Scott C-R May 28, 2019 14:52

I see so many differing stories about how our children (and us parents) respond to the school holidays, so I was interested to find out how you make the best of them. I always felt it was a time to nurture the attachment and bond that had been lost during the school term because of the numerous calls and meetings in school, but these days I feel that it is a time to actually try and have a lie in without the school run.

Are the children more relaxed away from school, or does not having that structure cause a stressful school holidays? Would be really interested to hear your experiences of this, and things we can do to ensure we are not all run ragged by the end of them!

Scott

Edited 17/02/2021
Donatella May 28, 2019 16:16

For us/me the key is to let go of any expectations of what you should be doing. You dont have to fill every minute of every day with activities - tried that when they were younger and it rarely worked. It’s perfectly fine to do as little or as much as you and the children can manage and that can vary with age. Mine are all teenagers and don’t want to do anything with me - they sleep till mid morning or later, eldest has now left school so he does his own thing anyway. Middle one is mid GCSEs so alternates between sulking, shouting, arguing, going off on his bike and doing some actual revision. Dd is currently perfecting the art of hair tossing, combined with muttering at me through her teeth and giving me her death stares.

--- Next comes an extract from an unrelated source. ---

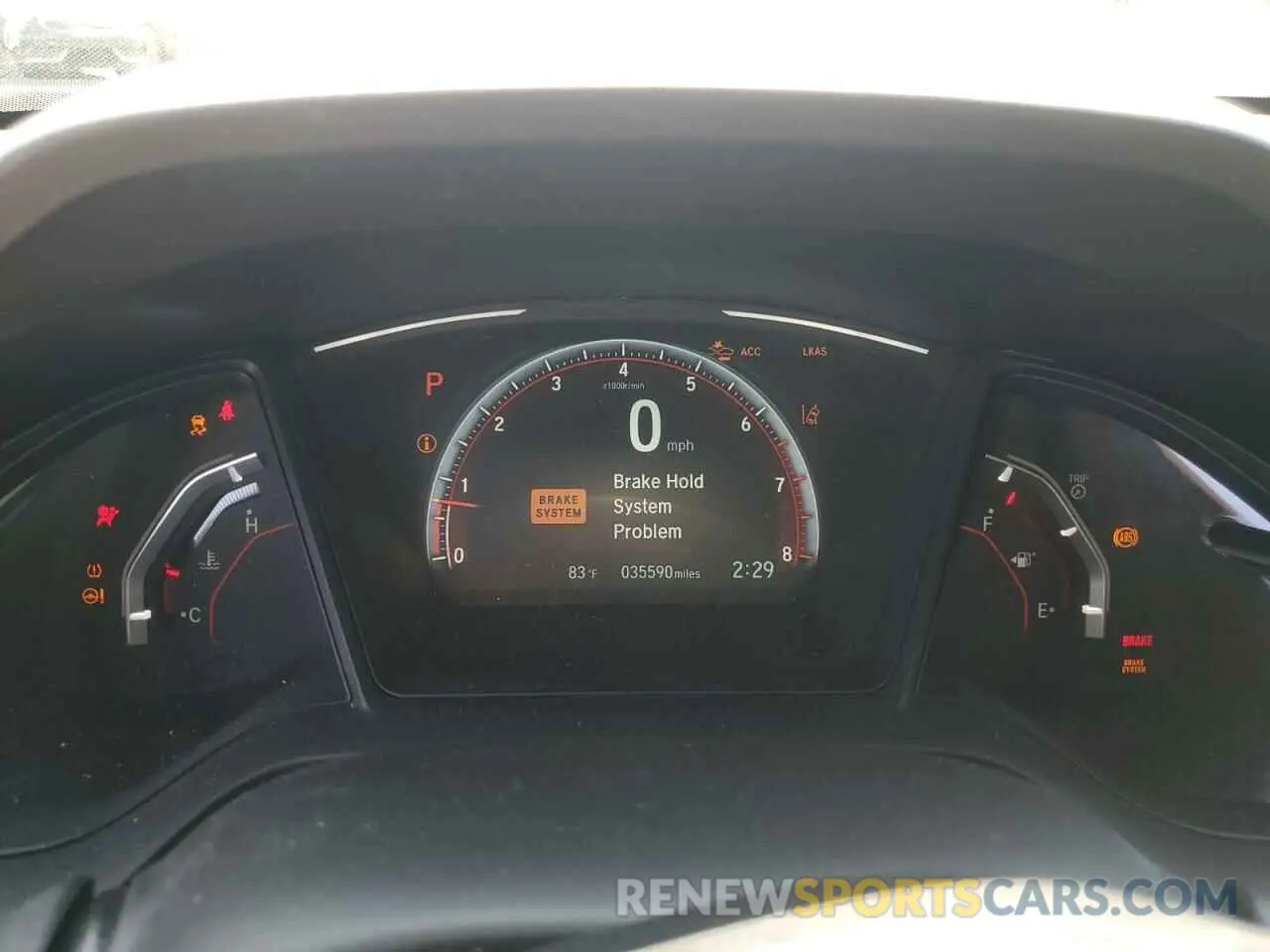 9 fotografías del automóvil dañado SHHFK7H4XKU409470 HONDA CIVIC 2019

Do what feels right for your family - and that’s not necessarily the same as their peers are doing!

Edited 17/02/2021
Serrakunda27 May 28, 2019 18:25

We love school holidays! Definitley more relaxed as long as we know what's going on, I'd never go into a holiday without plans of some sort. Thats not to say every day is structured to the nth degree but Simba will know if there is a scout camp, visit to the grandparents, if we are going away etc

In the early years I would have to plan months in advance, now he is a bit more relaxed I can leave things a bit later - I'm only just starting to think about this summer, a few years ago I would have had it sorted by Christmas.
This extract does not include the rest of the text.